Total primary energy supply (TPES) in Slovenia was 6.67 Mtoe in 2014. In the same year, electricity consumption was 13.87 TWh.

Contents

Electricity generation is mainly from nuclear power, hydroelectricity (each at 36.5%) and coal (21.6%). Other minor sources include solar PV, biofuels and natural gas. Slovenia has a significant import and export of electricity, with about 16% of the generation as net exports in 2014.

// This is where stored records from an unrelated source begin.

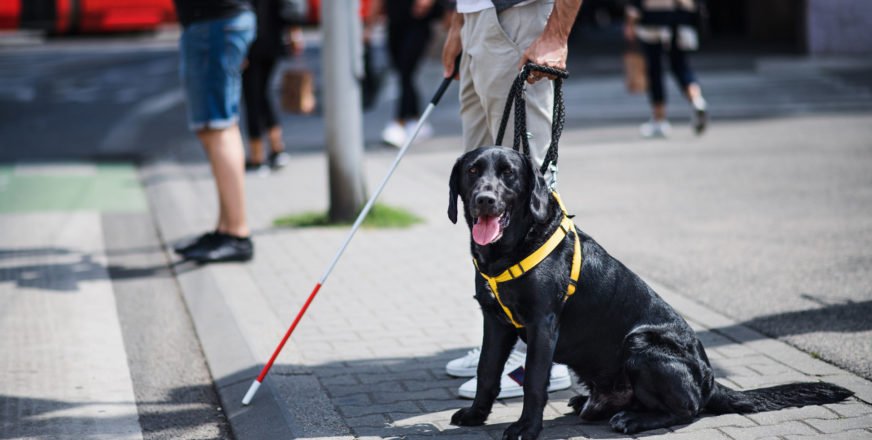 Musta labradorinoutaja valjaissa vierellään valkoisen kepin kanssa seisova mies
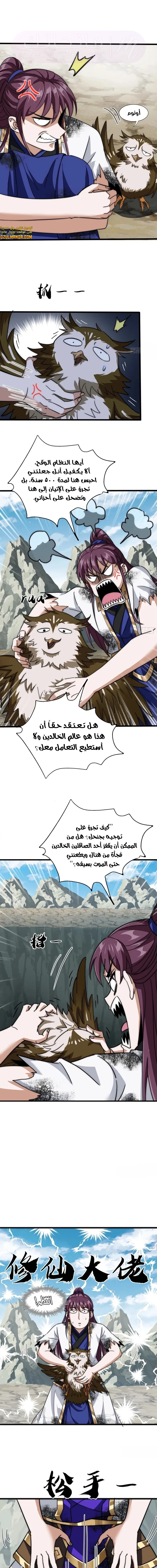 الصفحة 3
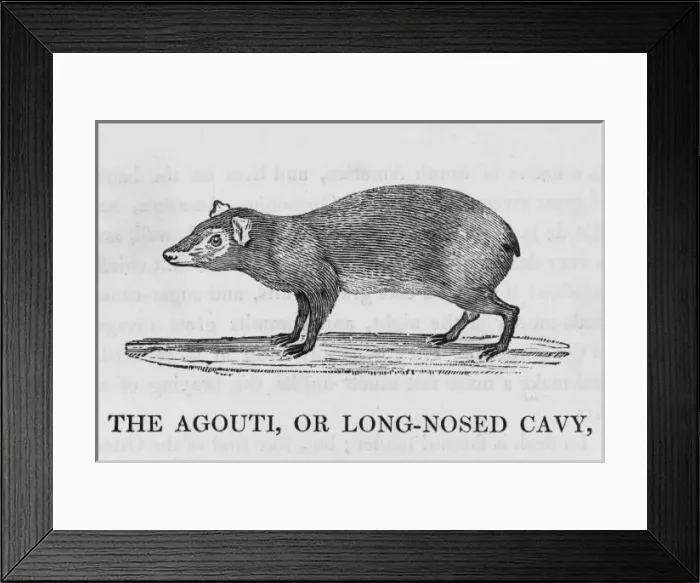 Framed Print : Agouti (Bewick) Framed Print : Agouti (Bewick)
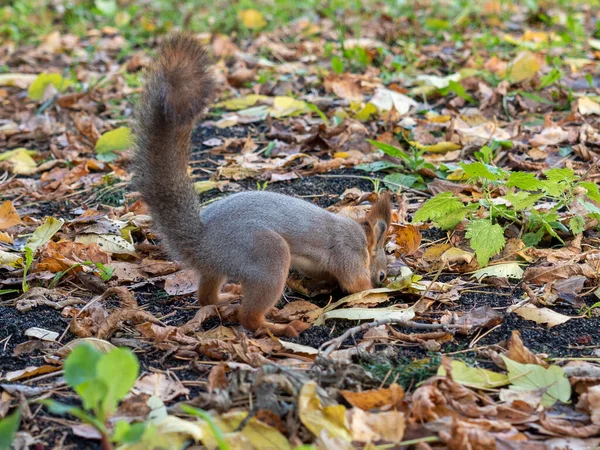 Una Ardilla Cava Través Del Follaje Otoñal Parque Otoño — Foto de Stock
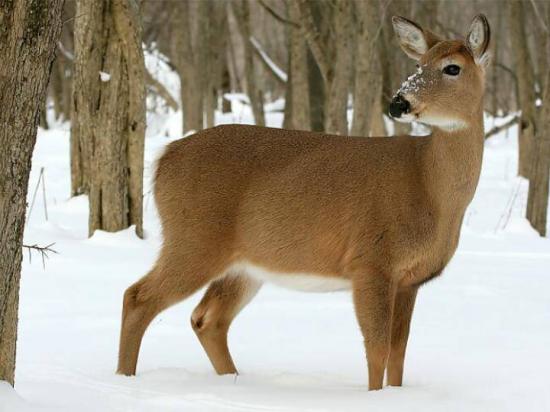 eerddud-cerf.jpg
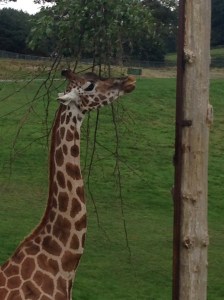 giraffe at Longleat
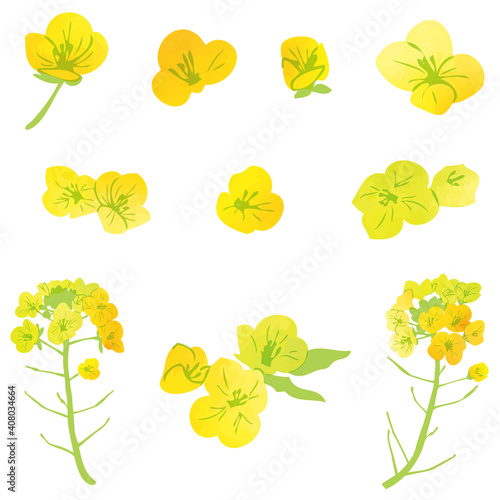水彩風　菜の花イラスト素材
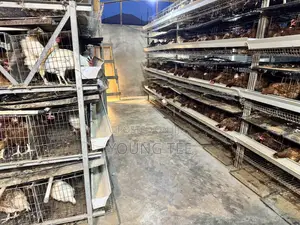 Young Layers 11 Months Old Chicken Poultry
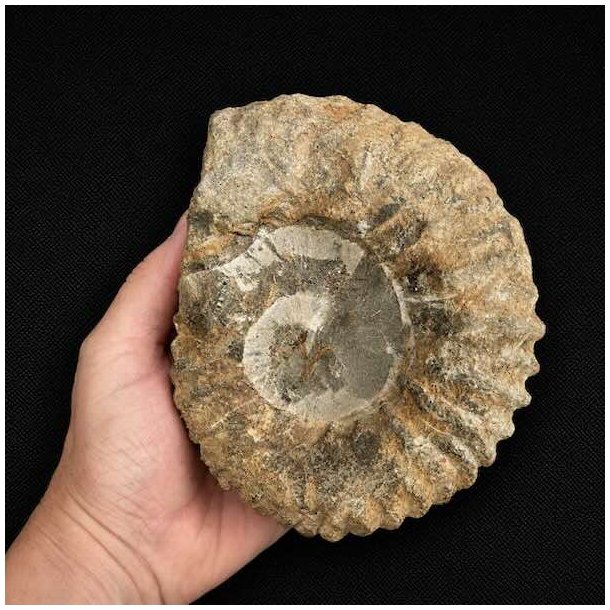Bagside af �gte ammonit fossil fra Madagaskar med synlige fossile kamre, naturlige m�nstre og unikke strukturer.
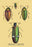 Beetles: Buprestis Chrysis B. Sternicornis  et al. #2 28x42 Giclee on Canvas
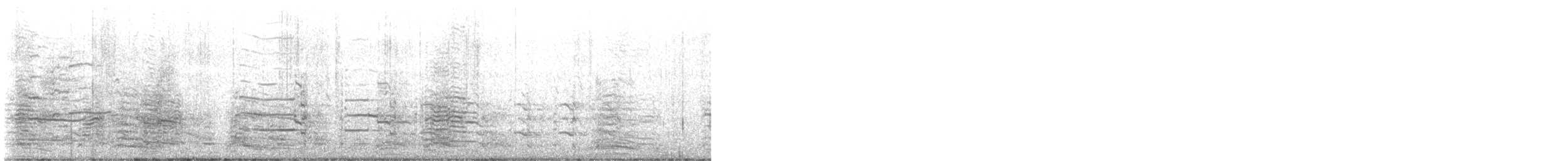Kelp Gull - ML641584353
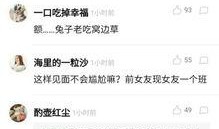 吃瓜婆回复录音,一场关于瓜田的趣味对话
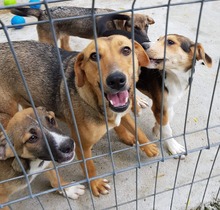 FREYA, Hund, Mischlingshund in Rumänien - Bild 15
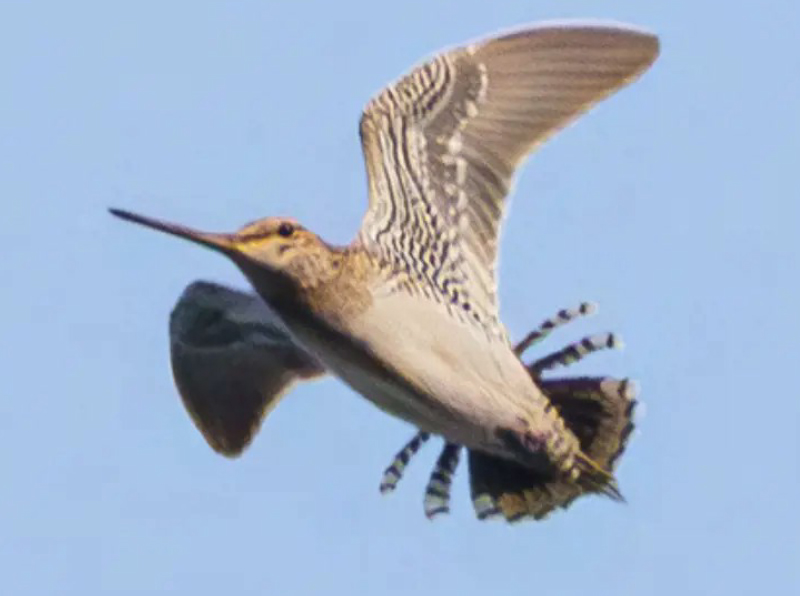 birdwatching bekasina25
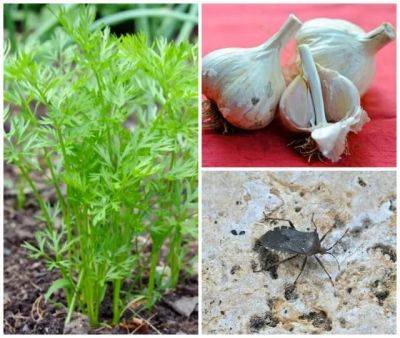 Harvesting garlic; squash bugs; sowing seeds in hot soil - awaytogarden.com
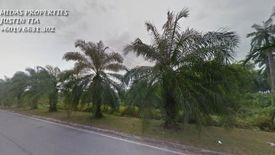 Land for sale in Banting, Selangor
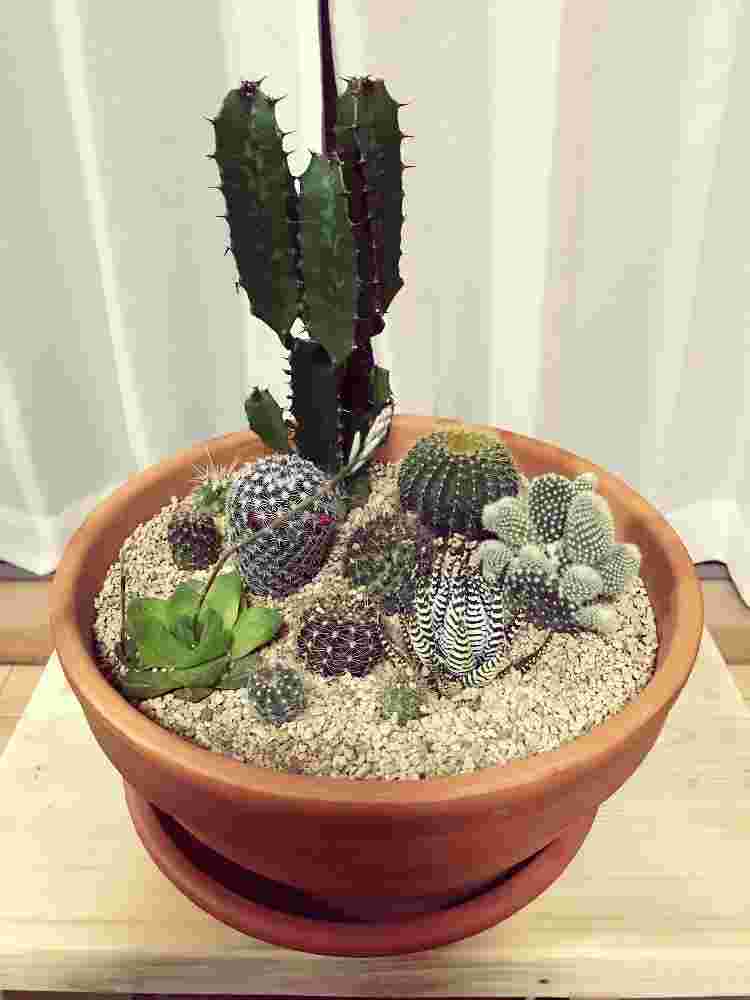 サボテンの寄せ植え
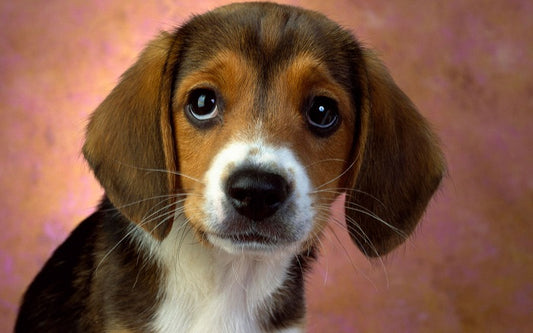 Vacunación y salud canina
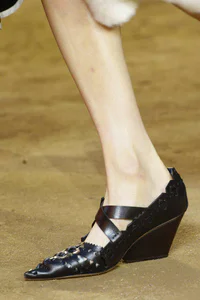 https://image.sistacafe.com/w200/images/uploads/content_image/image/61043/1448359708-03-spring-2016-shoe-trends-pointed-toe-heels-celine-h724.jpg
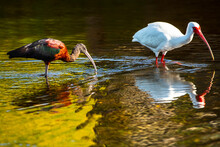 USA, Florida, Sarasota, Myakka River State Park, White Ibis With Glossy Ibis, Feeding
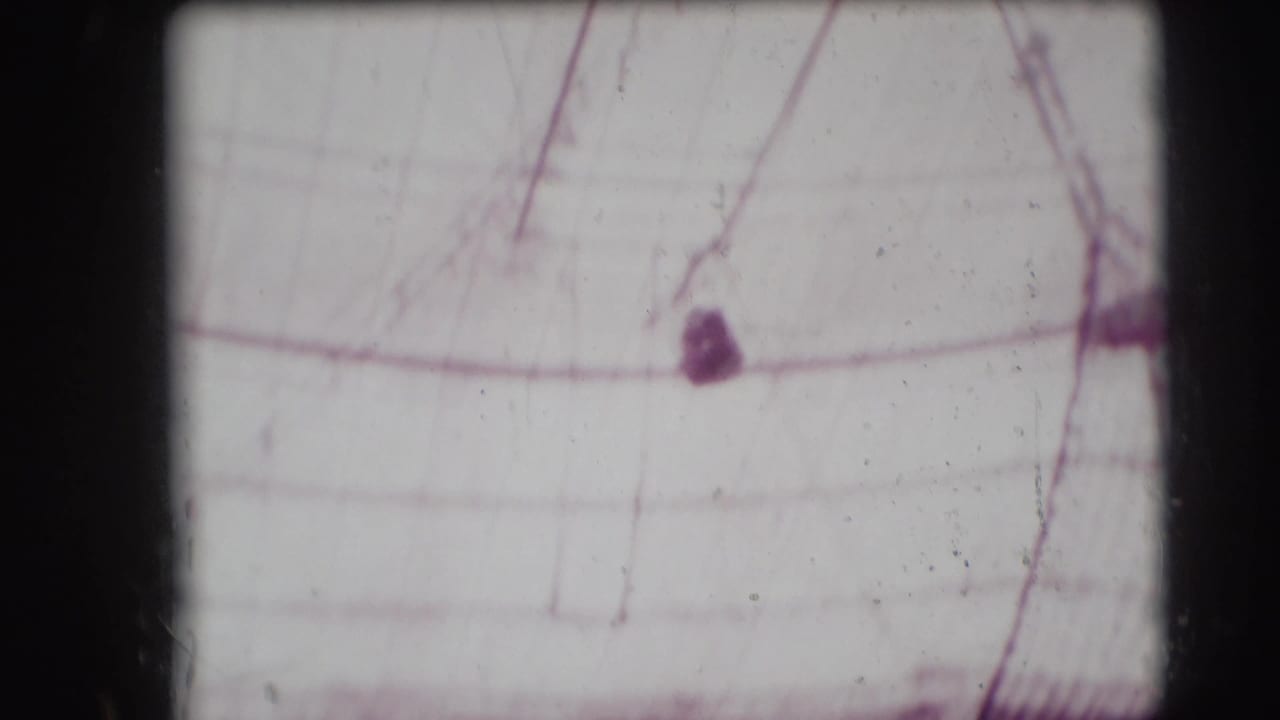 Bright, soft-focus view of netting or overhead circus rigging.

Slovenia is a net energy importer, importing all its oil products (mainly for the transport sector) and natural gas.

Overview

Slovenia imported 49% of its energy use in 2009.

Electricity

In 2008, electricity use per million person in Slovenia was 6.1 TWh compared to Spain 6.0 TWh. or Britain 5.7 TWh.

Renewable energy

In Slovenia's forecast, renewables satisfy about 40% of the country’s electricity consumption in 2020. Slovenia is the EU country with the smallest forecast penetration of wind power in 2020: 1.3% of electricity consumption, while the Irish action plan shows wind meeting over 36% of the country’s electricity demand. Slovenia has intention to cover its EU renewable energy obligations 6.1TWh (2020) mainly with hydro power 5.1 TWh and biomass 0.7 TWh. According to EWEA’s calculations by 2020 wind could cover 6% - 9% of electricity demand. The newly adopted feed-in tariff limiting support to projects of 5 MW and under may be hindering perspectives for wind power development.

Climate change

1990 emissions were 20Mt CO2eq Kyoto protocol target is reduction of 2Mt (-8%).